If you’re getting back into exercise after a year or longer without physical activity, you should ease into it. This can be easier said than done if you’re excited about getting back into shape — because you’re motivated to look good for a high school reunion or you’ve just met the love of your life.
If you’re in a hurry to get back to the lithe person you used to be, you might be tempted to throw caution to the wind. However, if you just start running, doing calisthenics, lifting weights, or diving into the pool and doing laps without wasting a moment more, you are likely to regret it. You could either get extremely sore the next day or, worse still, injure yourself. Your enthusiasm will result in you being forced to take a few days off…or quit altogether.
Let’s take a look at how to ease into your new health and fitness goal so that you can quickly get up to speed on reaching it.
Protect weak areas with a compression sleeve
If you have a few weak body parts, you can protect them with athletic compression sleeves and braces. For instance, if you have plantar fasciitis problems with your feet, wear compression socks. These are specially designed socks to provide proper foot support and prevent injury. According to OS1st.com, a “performance compression sleeve helps relieve pain from muscle stiffness and soreness…reduces the time it takes for muscles to repair themselves…provides the right amount of compression for each body part… improves venous return and oxygenation to working muscles.”
Get the right gear
It’s important to get the right gear. While some of it might be essential for the sport, other ancillary stuff can put you in the right mood, add motivation, and help you keep track of your progress over time.
Here are two examples:
- If you’re running, don’t just throw on any old pair of sneakers–you need shoes especially designed for runners. And, while you’re at it, wear a Fitbit or some other convenient wearable technology, so you can keep track of how many steps you take each day. It’s also great to have some music and headphones, and, while you’re at it, why not buy yourself a special outfit, perhaps a track suit or the perfect top and shorts. Think of the Rocky Balboa movies and the special music that played when he slipped on his special gear to get back into shape.
- If you’re going to lift weights, pack your gym bagwith a weight lifting belt, wrist wraps, an extra pair of clothes, music with a selected playlist, and a journal to keep track of your progress.
Make stretching your friend
Dedicated athletes stretch. It’s not that they find it any less boring than you do, but they’ve learned through painful experience that when muscles tighten up, it causes painful pressure in muscle bellies, cartilages, and tendons. Over time, this initial pain gets worse. By stretching before and after a workout, they prepare their body before the sport or help it recover after the sport. Consider stretching a necessary part of your workout, rather than something you should do but which you only happen to do when you’re in the mood.

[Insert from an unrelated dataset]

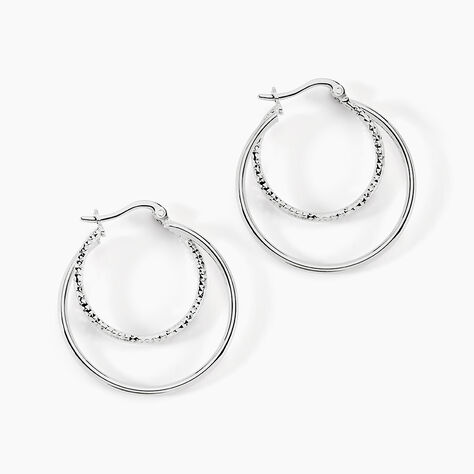 Créoles Argent Blanc Marjorie - Boucles d'oreilles créoles Femme | Histoire d’Or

You’ve probably heard this bit of advice before … and if you’re like most people, you quickly forget about it — or you only do it a few times and then lose interest. However, in an article, Hydration for Athletes, Family Doctor explains exactly why this is so important: “Water regulates your body temperature and lubricates your joints. It helps transport nutrients to give you energy and keep you healthy. If you’re not hydrated, your body can’t perform at its highest level. You may feel tired, have muscle cramps, dizziness, or other serious symptoms.”
In bodybuilding, there is a principle called “progressive training.” Essentially, it means that as you get stronger, you should add more weights or do more reps because your body has adapted to the stress of a workout. The same idea can be applied in any sport. Start slowly and gradually build up the intensity over weeks and months.
These five steps can help you avoid the frustration of short-circuiting your goals, the pain of getting sore or injured, and the subsequent loss of momentum towards better health.